* _REQUIRED WORK_: Although the data below contains pictures, output only the lines between those holding "But let's take" and "This is a 2006", inclusive, exactly and without those pictures.

————————

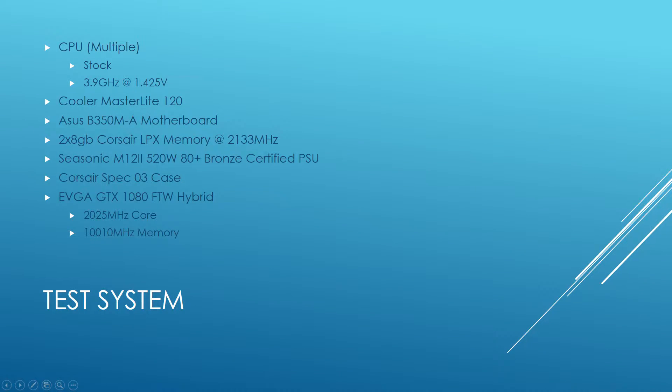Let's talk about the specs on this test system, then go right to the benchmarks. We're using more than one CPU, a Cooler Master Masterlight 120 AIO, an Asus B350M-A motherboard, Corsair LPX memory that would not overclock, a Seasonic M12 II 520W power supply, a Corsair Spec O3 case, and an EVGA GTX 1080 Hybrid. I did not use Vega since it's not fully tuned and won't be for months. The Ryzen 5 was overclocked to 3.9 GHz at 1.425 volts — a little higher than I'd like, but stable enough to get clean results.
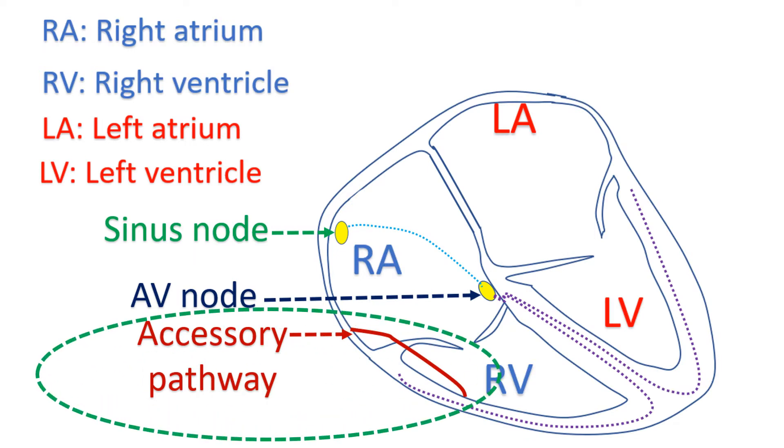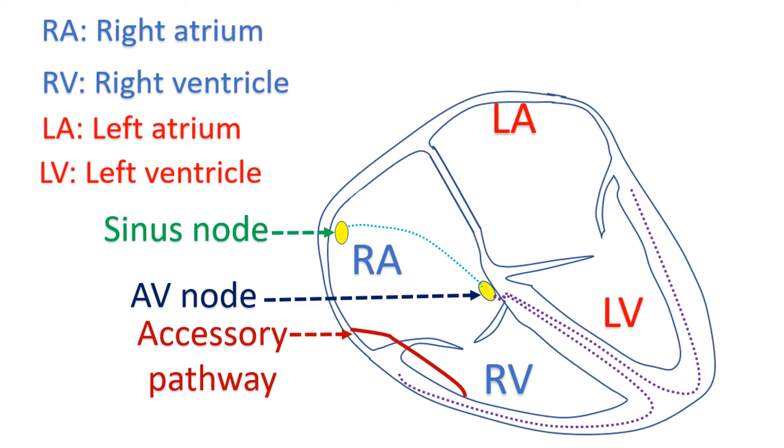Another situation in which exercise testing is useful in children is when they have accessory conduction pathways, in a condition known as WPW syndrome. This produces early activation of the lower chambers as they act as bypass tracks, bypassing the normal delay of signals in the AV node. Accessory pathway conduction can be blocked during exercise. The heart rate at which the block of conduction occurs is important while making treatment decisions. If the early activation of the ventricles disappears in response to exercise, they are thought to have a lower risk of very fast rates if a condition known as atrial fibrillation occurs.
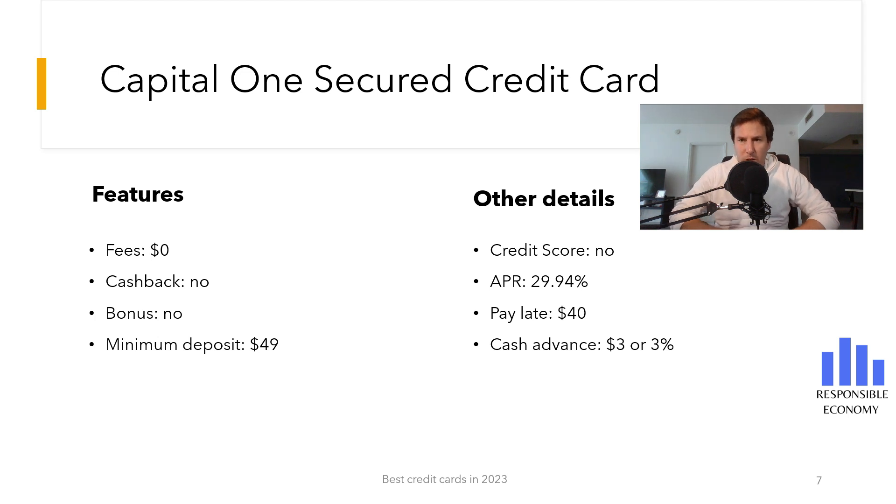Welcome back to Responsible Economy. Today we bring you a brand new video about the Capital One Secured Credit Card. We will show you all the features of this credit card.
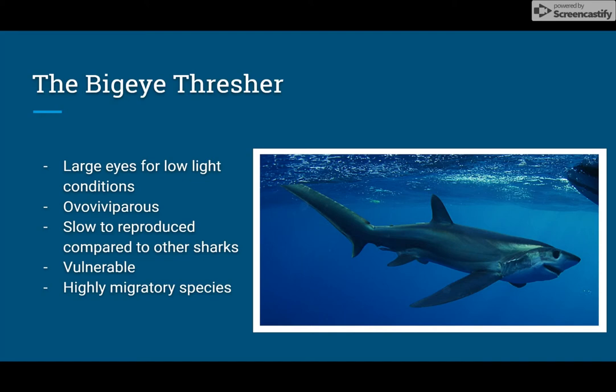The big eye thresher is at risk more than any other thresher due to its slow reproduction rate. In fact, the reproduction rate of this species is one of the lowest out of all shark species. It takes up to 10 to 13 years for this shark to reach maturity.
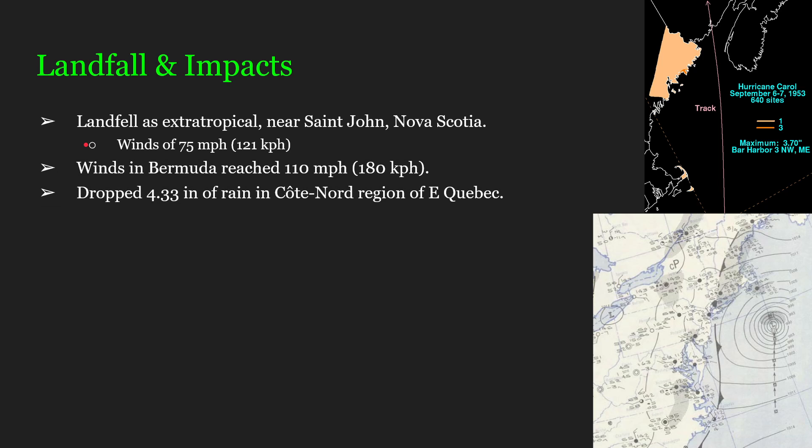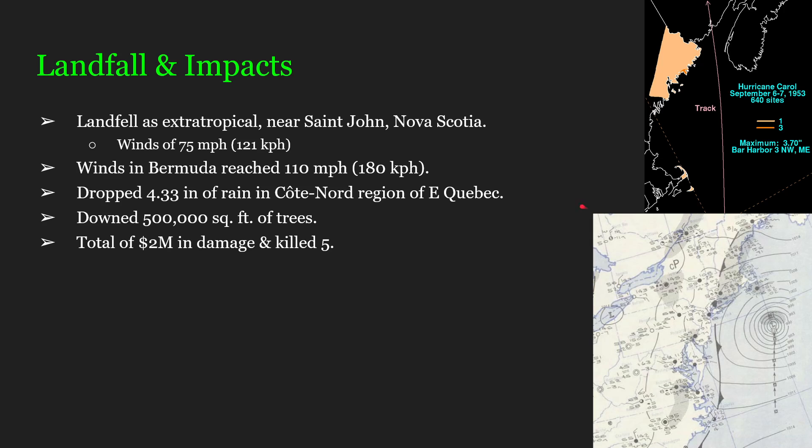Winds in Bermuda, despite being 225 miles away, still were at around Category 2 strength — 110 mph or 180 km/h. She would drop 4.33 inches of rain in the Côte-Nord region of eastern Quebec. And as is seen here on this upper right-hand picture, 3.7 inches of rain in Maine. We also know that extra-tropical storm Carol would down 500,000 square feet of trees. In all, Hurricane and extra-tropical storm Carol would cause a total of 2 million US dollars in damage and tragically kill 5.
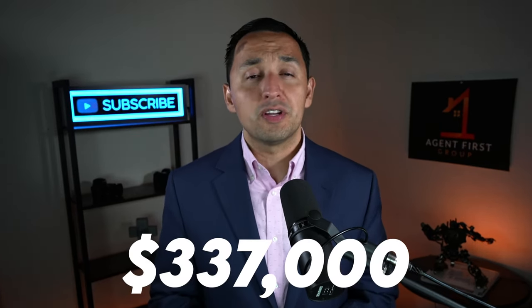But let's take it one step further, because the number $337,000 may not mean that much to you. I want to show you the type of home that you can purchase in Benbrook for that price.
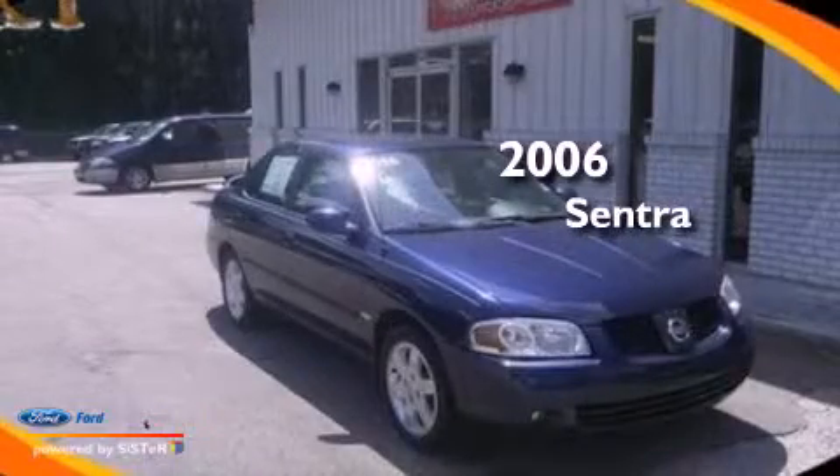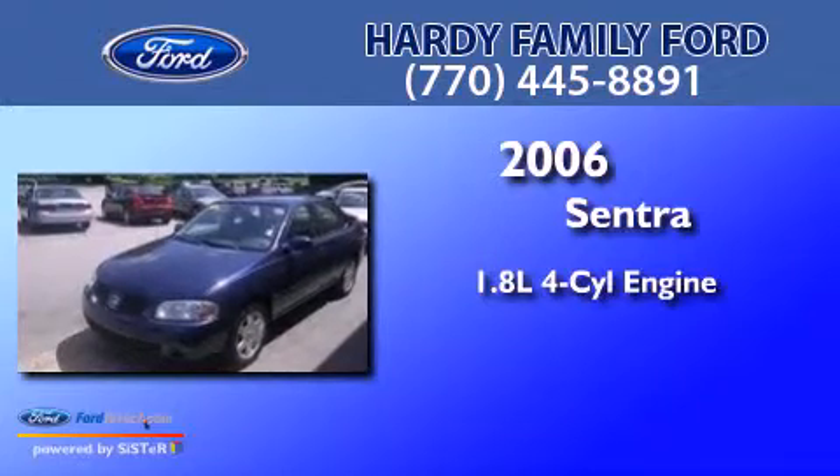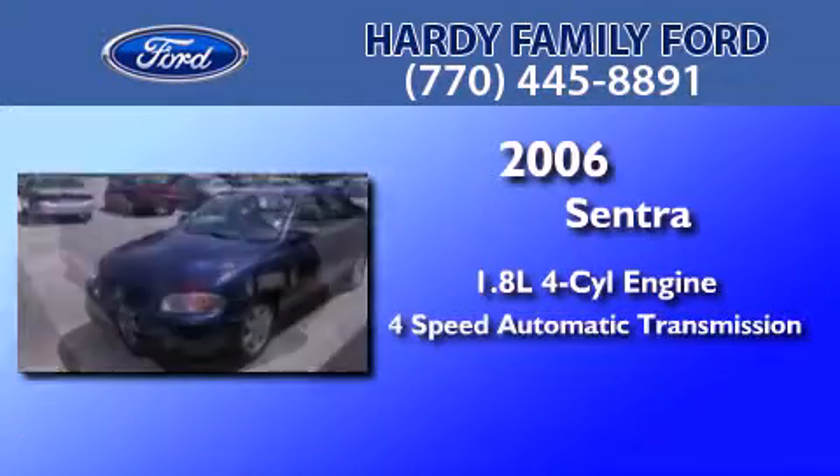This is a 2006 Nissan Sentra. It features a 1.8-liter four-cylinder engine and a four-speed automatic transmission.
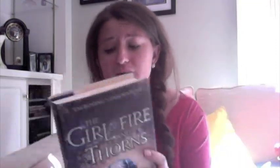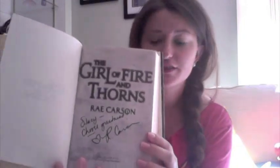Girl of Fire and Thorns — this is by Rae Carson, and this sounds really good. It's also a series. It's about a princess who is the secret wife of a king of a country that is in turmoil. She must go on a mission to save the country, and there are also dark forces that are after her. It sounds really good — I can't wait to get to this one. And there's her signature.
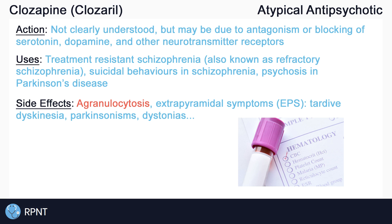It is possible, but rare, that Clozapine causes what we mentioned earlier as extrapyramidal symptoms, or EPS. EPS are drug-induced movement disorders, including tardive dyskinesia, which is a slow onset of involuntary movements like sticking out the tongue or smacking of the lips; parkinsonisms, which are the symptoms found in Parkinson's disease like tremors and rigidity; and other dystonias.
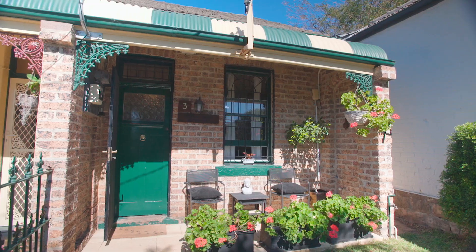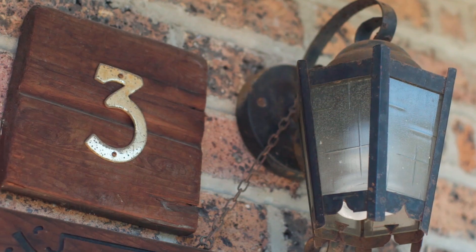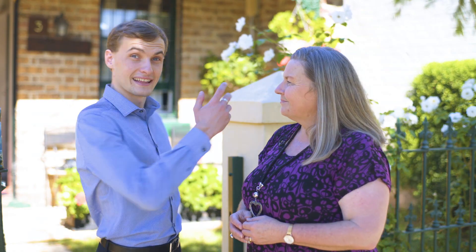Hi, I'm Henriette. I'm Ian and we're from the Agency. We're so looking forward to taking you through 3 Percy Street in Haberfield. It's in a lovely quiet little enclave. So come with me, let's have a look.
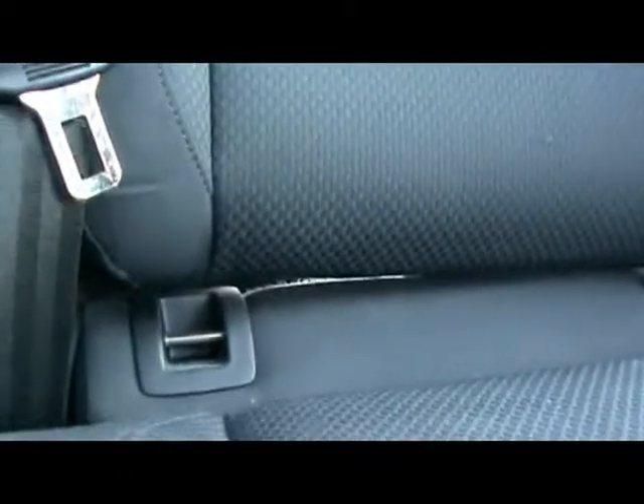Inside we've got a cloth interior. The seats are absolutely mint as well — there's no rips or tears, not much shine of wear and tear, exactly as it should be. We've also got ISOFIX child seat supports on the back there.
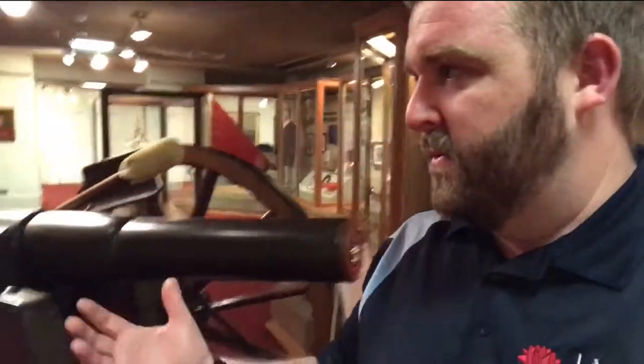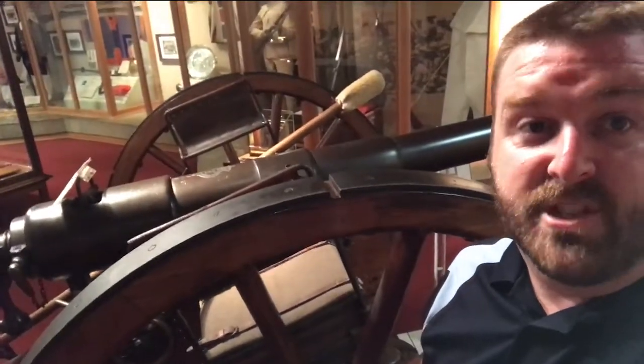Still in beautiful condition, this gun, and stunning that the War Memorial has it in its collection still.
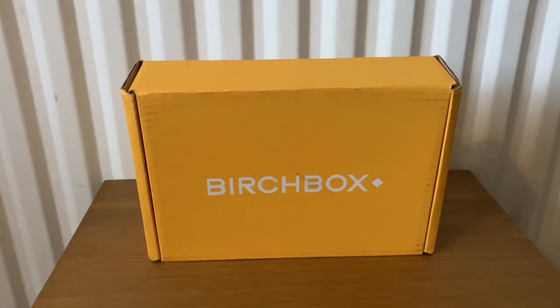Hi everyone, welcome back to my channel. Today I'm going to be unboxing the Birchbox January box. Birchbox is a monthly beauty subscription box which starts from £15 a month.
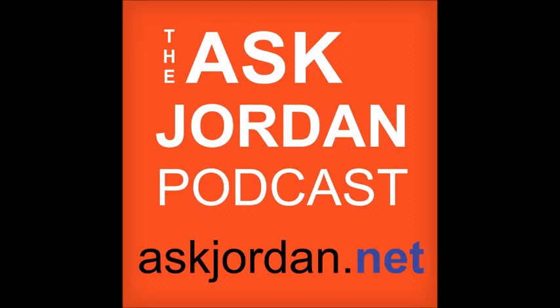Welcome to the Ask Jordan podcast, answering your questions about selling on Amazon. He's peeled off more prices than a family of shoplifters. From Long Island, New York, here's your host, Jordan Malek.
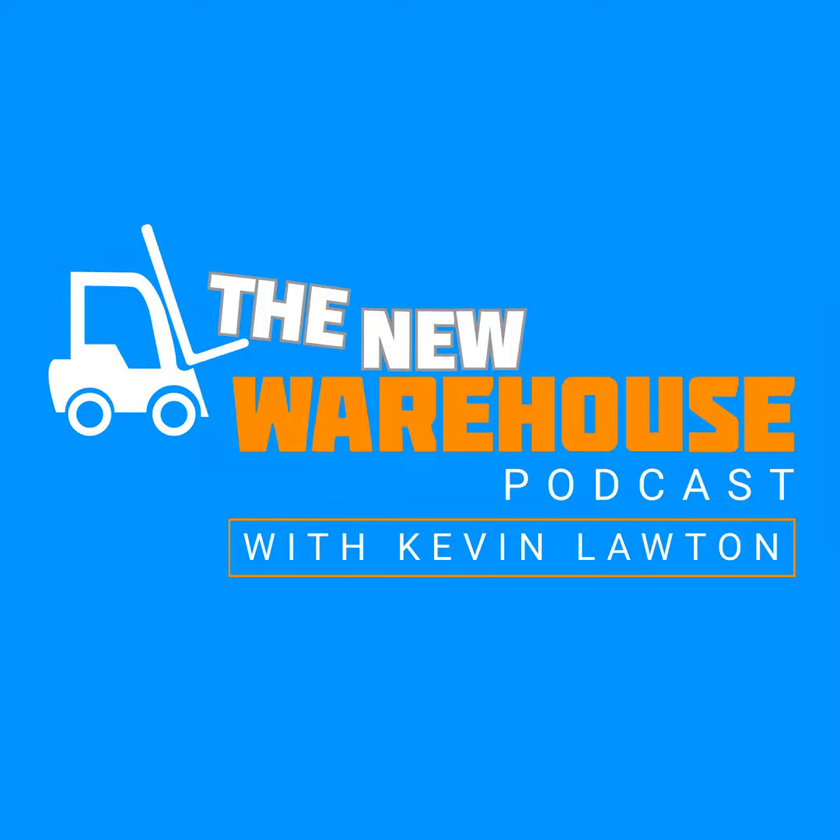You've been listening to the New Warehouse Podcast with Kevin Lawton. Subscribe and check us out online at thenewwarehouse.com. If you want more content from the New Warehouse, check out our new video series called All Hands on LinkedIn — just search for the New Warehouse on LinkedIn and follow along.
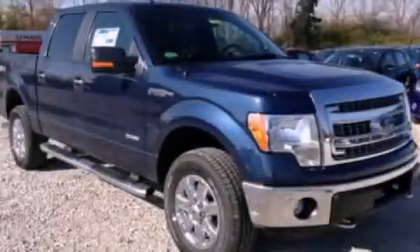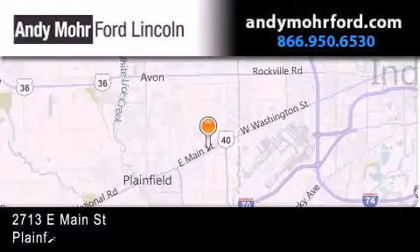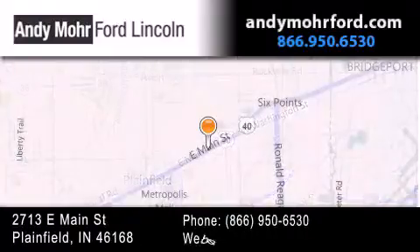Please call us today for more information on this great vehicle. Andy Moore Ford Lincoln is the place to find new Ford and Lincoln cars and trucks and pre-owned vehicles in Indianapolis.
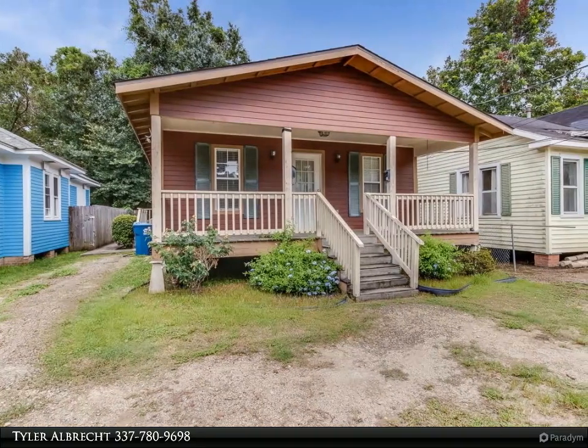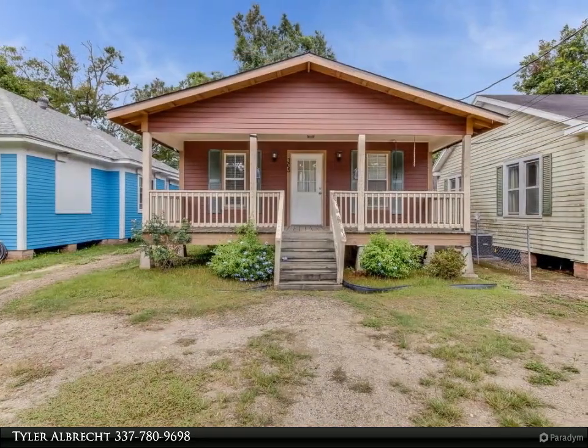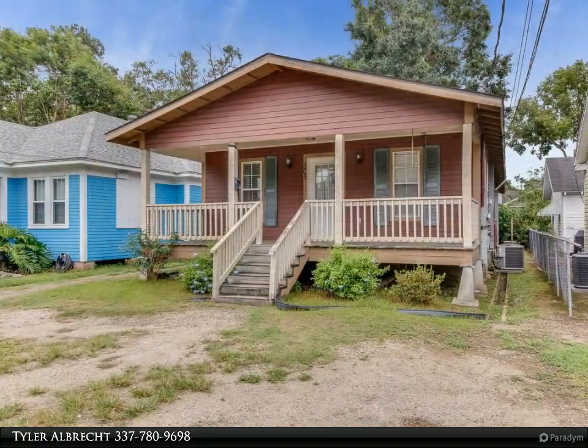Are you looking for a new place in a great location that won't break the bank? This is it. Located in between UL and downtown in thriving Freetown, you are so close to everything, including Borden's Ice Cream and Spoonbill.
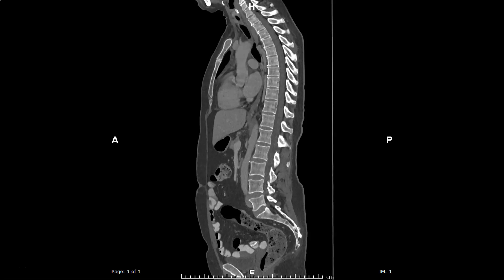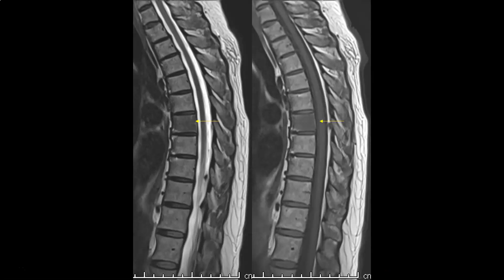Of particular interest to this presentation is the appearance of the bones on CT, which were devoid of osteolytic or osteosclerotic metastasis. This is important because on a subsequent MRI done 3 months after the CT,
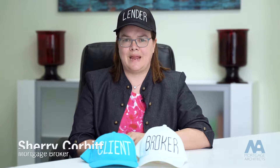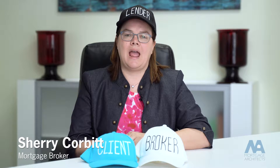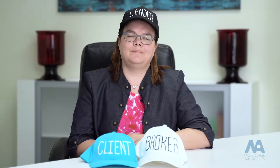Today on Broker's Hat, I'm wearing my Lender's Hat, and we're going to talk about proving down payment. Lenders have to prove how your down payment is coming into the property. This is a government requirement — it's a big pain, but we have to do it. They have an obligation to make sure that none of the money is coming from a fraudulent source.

————————

* _TASK SOLUTION_:
But let's take it one step further, because the number $337,000 may not mean that much to you. I want to show you the type of home that you can purchase in Benbrook for that price.
This is a 2006 Nissan Sentra. It features a 1.8-liter four-cylinder engine and a four-speed automatic transmission.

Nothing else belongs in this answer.